((

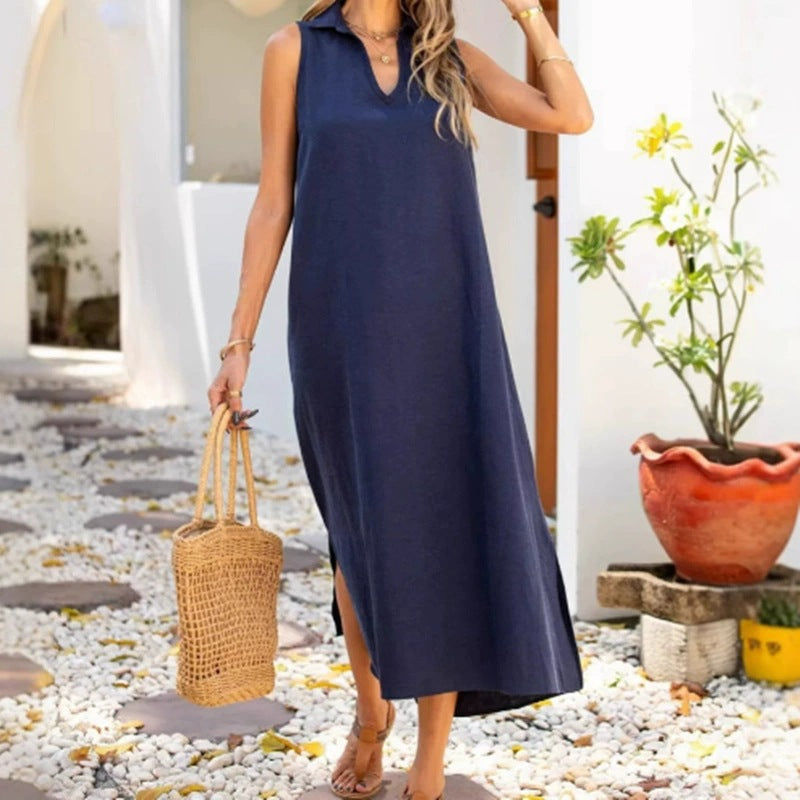 Damen lässiges Maxikleid mit seitlichen Schlitzen und Kragen Stalluxe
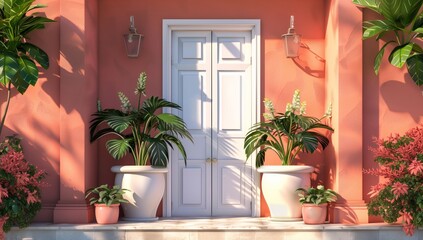 Fototapeta na wymiar A lovely pink house with a white door, adorned with potted plants creating a charming entrance. The interior design features houseplants and light fixtures to enhance the ambiance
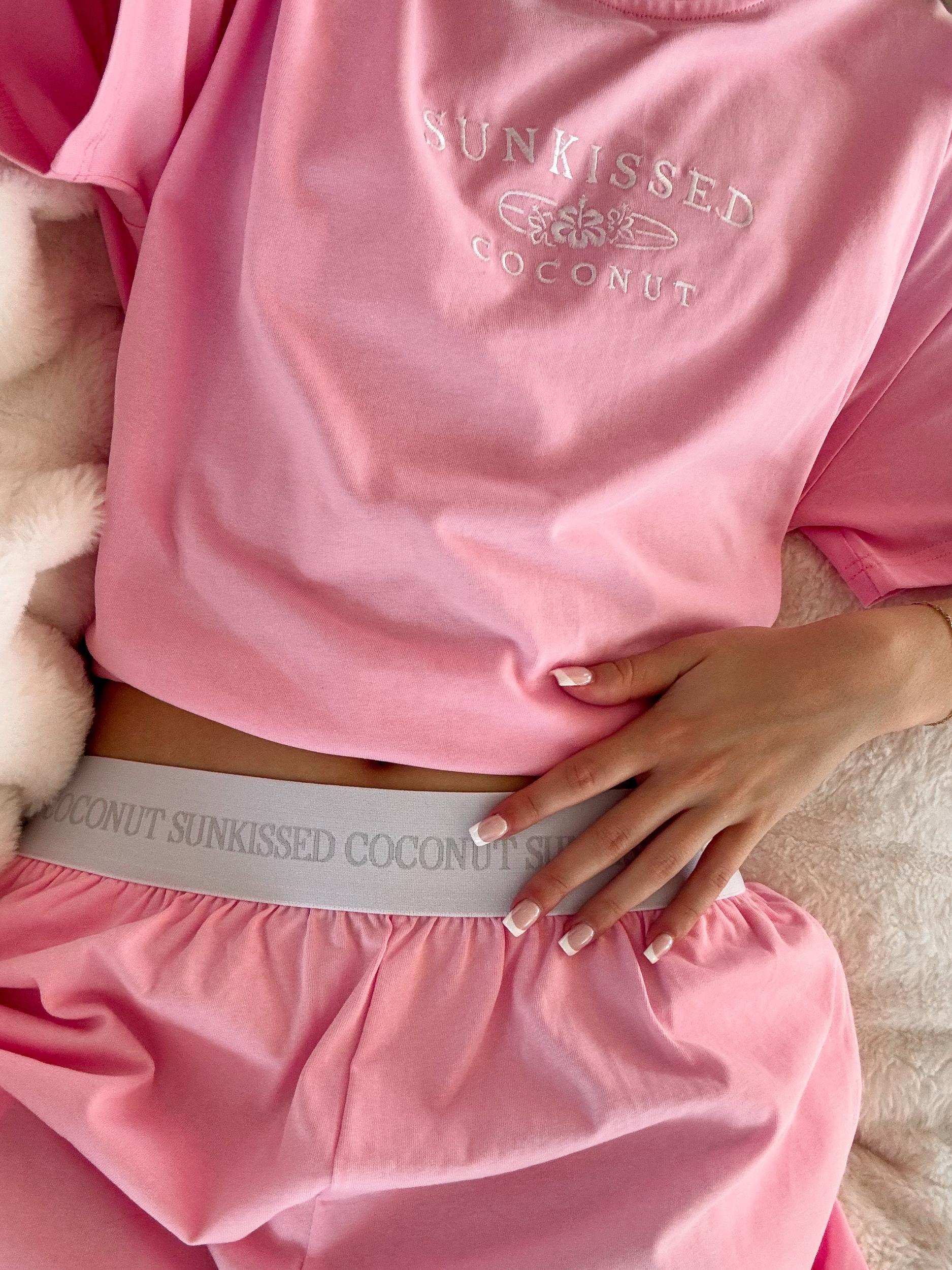 Lush Pink Basic Watercolor Shorts Product Image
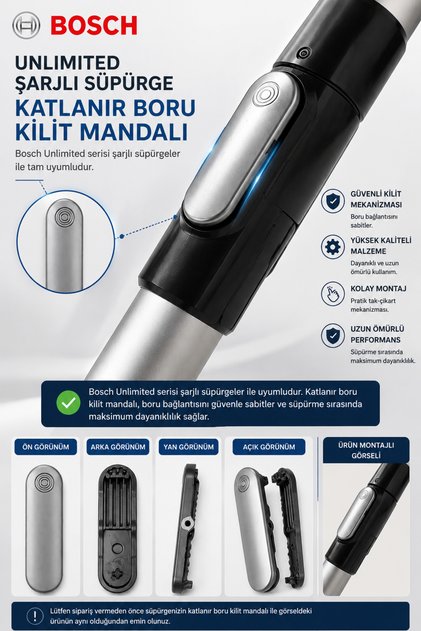 BOSCH - Unlimited Süpürge Katlanır Boru Mandalı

))

Excluding pictures, copy exactly the lines from the line containing "Lush Pink Basic" through the last line of the data, inclusive.

Exercise solution —
 Lush Pink Basic Watercolor Shorts Product Image
 BOSCH - Unlimited Süpürge Katlanır Boru Mandalı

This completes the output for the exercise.